With over 10 years of experience in business sales, we have witnessed many buyers who have successfully mitigated risks and now run successful businesses. So here are a few key points to help business buyers mitigate risk when buying a business.

  1. Choose the Right Type of Business

To minimise risk, it's essential to choose a business that not only has good financial potential but also aligns with your interests. You’ll be investing significant time and effort, so it’s important that you find it rewarding on more than just a financial level. Too often, prospective buyers are motivated solely by profit, which can lead to disengagement and failure over time when they lose interest in the business.

Financially speaking, in today’s dynamic environment, two categories stand out for their resilience: businesses with subscription or recurring revenue, and asset-light businesses that don't require large investments in equipment or machinery. These types of businesses tend to have lower overheads and more stable revenue streams, which helps mitigate financial risks.

  1. Understand What the Seller Knows

The knowledge gap that exists between the buyer and the seller creates a potential risk when purchasing a business. It is common for sellers to concentrate on increasing sales since they are conscious of impending exit; but, quick and irregular growth can be a warning sign. 

In the long run, you should look for businesses that have consistent revenue and earnings. A business that has demonstrated continuous performance is typically a safer option than one that has experienced wild fluctuations in its financial earnings. When there is a rapid spike or fall in sales, it is important to be vigilant because these variations may indicate more serious hidden problems.

  1. Identify Key Person Risks

Another critical risk in a business is the reliance on key individuals, whose sudden departure could disrupt operations. Key people include CEOs, managers, employees with niche skills, or long-standing founders. Their departure can leave a business vulnerable, from losing market knowledge to damaging client relationships.

For example, if your top salesperson leaves unexpectedly or a skilled employee departs to start a competing business, it can create a significant issue. 

  1. Is the Business Resilient in Tough Economy 

The resilience of a business in an economic downturn is another crucial factor in risk mitigation. Some industries are naturally more resilient, such as those dealing with essential services like healthcare, insurance, or food. Businesses that produce essential goods or services are typically better positioned to weather economic uncertainty, making them attractive to investors and buyers.

When assessing a business’s defensive qualities, ask yourself:

  • Does it operate in an essential industry?
  • How resistant is it to economic slowdowns?
  • How stable are its long-term financial returns?
  • How volatile is the industry in which it operates?

These factors can help determine how well the business might perform during a recession or other financial downturns, providing valuable insight into its potential risks. 

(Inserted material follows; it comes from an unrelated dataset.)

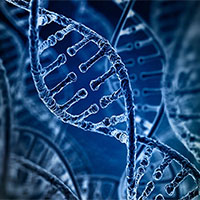 Giáo án PowerPoint Sinh học 12 Bài 14: Thực hành Quan sát một số dạng đột biến nhiễm sắc thể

  1. Clarify the Seller's Intentions

Often sellers are not looking to exit completely; they may be interested in scaling back or retaining a stake in the business. In these cases, selling only a portion of the business can benefit both parties. The seller continues to benefit financially from the business, while the buyer gains the advantage of the seller’s ongoing involvement, which can provide stability and reassurance during the transition.

In some cases, sellers may choose to stay on as minority stakeholders, retaining a 20% or 30% share in the business. This not only reduces the buyer’s risk but also demonstrates the seller’s confidence in the business’s future success. Full sellouts are still common, but phased buyouts with the seller remaining in a reduced capacity are becoming more popular.

Final Thoughts on Risk Mitigation

Buying a business is a significant decision, and understanding how to mitigate risks is critical to ensuring long-term success. By choosing the right type of business, carefully evaluating its financial history, and understanding key person risks, you can make a more informed decision. 

Risk is inevitable, but with proper strategies in place, you can navigate the process with greater confidence and security. The key lies in thorough research, understanding the business landscape, and identifying areas of potential vulnerability before making your investment.